On Mon, Jul 29, 2013 at 11:50 PM, Klaus Ita <klaus@worstofall.com> wrote:

I am trying to remember, there was a tool that plotted the contents of the
wal_files in a more readable format ...

xlogdump?

https://github.com/snaga/xlogdump

#8Klaus Ita
klaus@worstofall.com
In reply to: bricklen (#7)
bugsgeneral
Re: Fwd: corrupted files

Yes, that's it!

thank you! It turned out that really there was a corruption in the main pg
server which was 'virally' propagated to

1. streaming replica
1. replaying wal receiver
1. old backup that tried to replay the wal's

I really thought with a master and 3 backups i'd be safe.

lg,k

On Tue, Jul 30, 2013 at 5:13 PM, bricklen <bricklen@gmail.com> wrote:

Show quoted text

On Mon, Jul 29, 2013 at 11:50 PM, Klaus Ita <klaus@worstofall.com> wrote:

I am trying to remember, there was a tool that plotted the contents of
the wal_files in a more readable format ...

xlogdump?

https://github.com/snaga/xlogdump

#9bricklen
bricklen@gmail.com
In reply to: Klaus Ita (#8)
bugsgeneral
Re: Fwd: corrupted files

On Tue, Jul 30, 2013 at 8:18 AM, Klaus Ita <klaus@worstofall.com> wrote:

thank you! It turned out that really there was a corruption in the main pg
server which was 'virally' propagated to

1. streaming replica
1. replaying wal receiver
1. old backup that tried to replay the wal's

I really thought with a master and 3 backups i'd be safe.
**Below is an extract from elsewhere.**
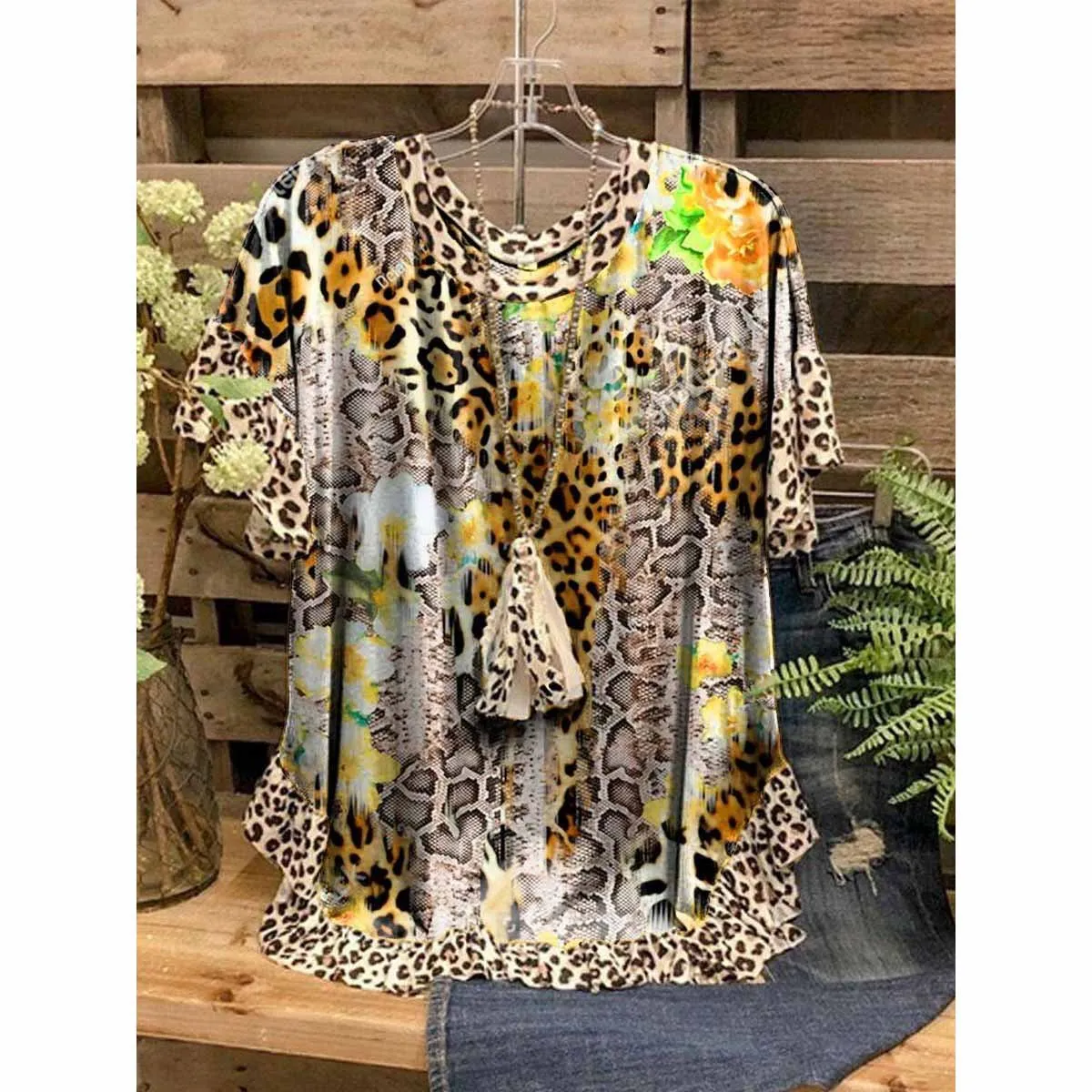 Women Tops 3D Sunflower Leopard Print Printed T-Shirts Ruffled O-Neck Short Sleeves Loose Casual T-Shirts Summer Streetwear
Physical corruption in the master, or logical?

#10Klaus Ita
klaus@worstofall.com
In reply to: bricklen (#9)
bugsgeneral
Re: Fwd: corrupted files

i guess logical, caused by whatever. i really cannot say, the wal files all
*look* ok, still, they lead to a situation that's a definite dead end.
we did have a hard-drive failure (one in 13) at the time, but due to raid5
+ hot spare no data should have been corrupted. i mean it's an lsi
controller, ... not fond of it, but it's not bad stuff.

lg,k

On Tue, Jul 30, 2013 at 5:29 PM, bricklen <bricklen@gmail.com> wrote:

Show quoted text

On Tue, Jul 30, 2013 at 8:18 AM, Klaus Ita <klaus@worstofall.com> wrote:

thank you! It turned out that really there was a corruption in the main
pg server which was 'virally' propagated to

1. streaming replica
1. replaying wal receiver
1. old backup that tried to replay the wal's

I really thought with a master and 3 backups i'd be safe.

Physical corruption in the master, or logical?